The ‘xstartup’ file should look like this

#!/bin/sh
 
# Uncomment the following two lines for normal desktop:
#unset SESSION_MANAGER
#exec /etc/X11/xinit/xinitrc
 
[ -x /etc/vnc/xstartup ] && exec /etc/vnc/xstartup
[ -r $HOME/.Xresources ] && xrdb $HOME/.Xresources
#xsetroot -solid grey
#vncconfig -iconic &
#xterm -geometry 80x24+10+10 -ls -title "$VNCDESKTOP Desktop" &
#twm &
startkde &

Step 4: Configuring password

For setting up vncviewer password for user ‘xyz’, login as user ‘xyz’ and issue ‘vncpasswd’ command on a terminal/konsole (or whatever). Enter password twice and you are done with password setting.

Step 5: Starting Vncserver

To start vncserver, login as root and issue ‘service vncserver start’ command. If service started successfully, you are ready to use vncviewer on a remote/local machine.
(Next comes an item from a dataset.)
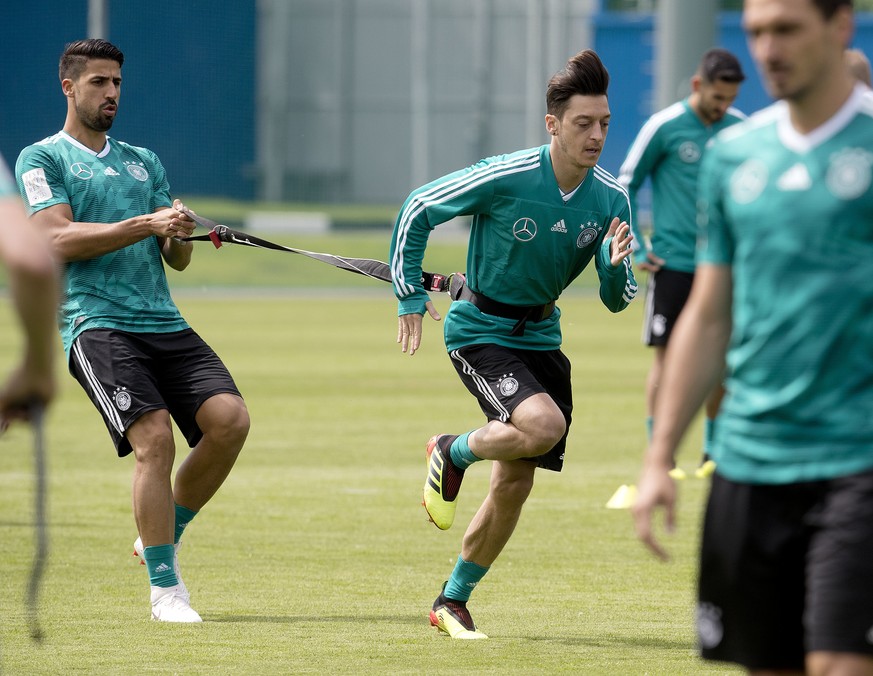 FILE - In this file photo from June 14, 2018, Mesut Ozil runs followed by Sami Khedira during a training session of the German team at the 2018 soccer World Cup in Vatutinki near Moscow. (AP Photo/Mic ...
Step 6: Accessing through Vncviewer

  • From Linux based machines
[saini@bordeaux saini]# vncviewer IP_Address:displayPort [Enter] #(IP Address is for the machine where you set up vncserver)
  • From Windows

On windows there is a software called RealVnc. Install it and enter <IPAddress>:<displayPort> in the dialog box.
[I explained how to connect via windows because it may help someone get a bit of relief.]

Screenshots:

  • Vncviewer with Gnome as Desktop environment

VNC Server VNC Viewer Screenshot GNOME

  • Vncviewer with KDE as Desktop environment

VNC Server VNC Viewer Screenshot KDE

Vnc is nice tool if you want to avoid using windows. I use it all the time. While I am forced to work on windows system, I install vncviewer and use it in full screen mode 😛 It also helps when you want to run some gui based application and monitor is remotely. Because if you close vncviewer window and use vncviewer again, you will be given the desktop session where you left it (all windows open and applications running).